• **REQUIRED ACTION**:
Leave every image out, and print the remaining lines below exactly.
··· DATA
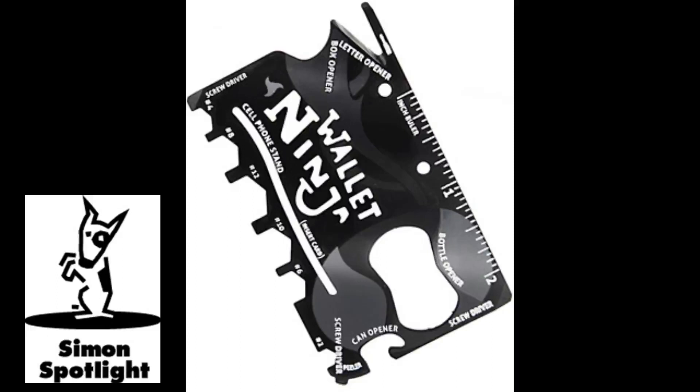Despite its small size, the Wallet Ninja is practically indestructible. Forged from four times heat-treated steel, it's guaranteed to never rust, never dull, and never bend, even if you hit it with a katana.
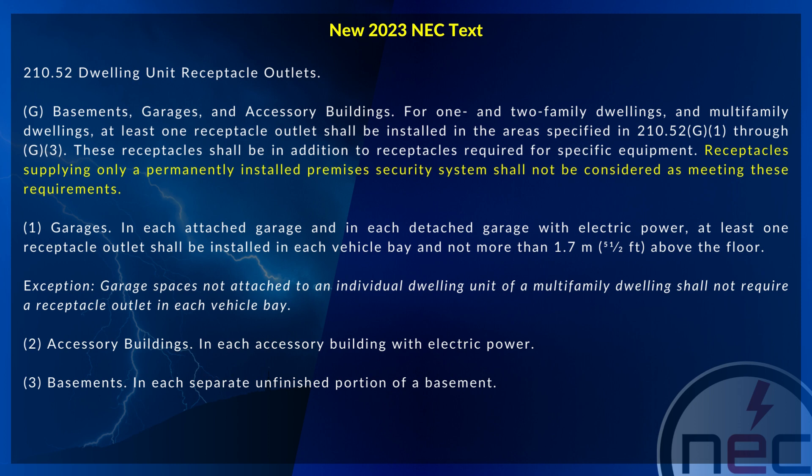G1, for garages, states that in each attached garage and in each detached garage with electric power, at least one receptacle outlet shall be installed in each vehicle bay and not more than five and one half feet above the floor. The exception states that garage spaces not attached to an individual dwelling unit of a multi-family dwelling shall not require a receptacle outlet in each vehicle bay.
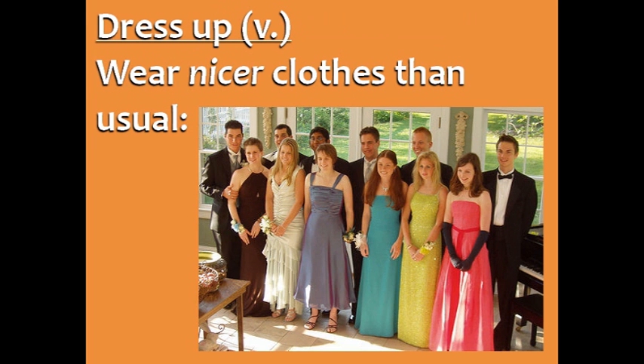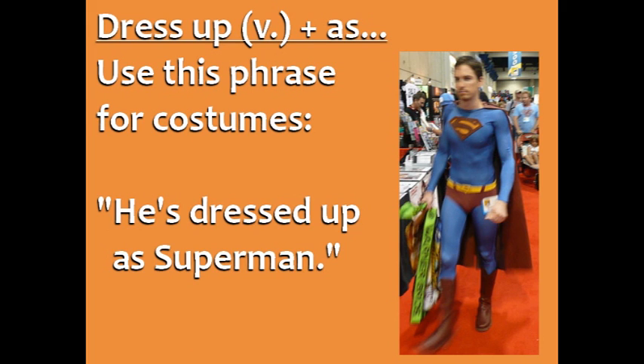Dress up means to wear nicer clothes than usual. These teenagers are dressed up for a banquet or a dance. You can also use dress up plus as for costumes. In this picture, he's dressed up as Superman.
······
• **THE ANSWER**:
Despite its small size, the Wallet Ninja is practically indestructible. Forged from four times heat-treated steel, it's guaranteed to never rust, never dull, and never bend, even if you hit it with a katana.
G1, for garages, states that in each attached garage and in each detached garage with electric power, at least one receptacle outlet shall be installed in each vehicle bay and not more than five and one half feet above the floor. The exception states that garage spaces not attached to an individual dwelling unit of a multi-family dwelling shall not require a receptacle outlet in each vehicle bay.
Dress up means to wear nicer clothes than usual. These teenagers are dressed up for a banquet or a dance. You can also use dress up plus as for costumes. In this picture, he's dressed up as Superman.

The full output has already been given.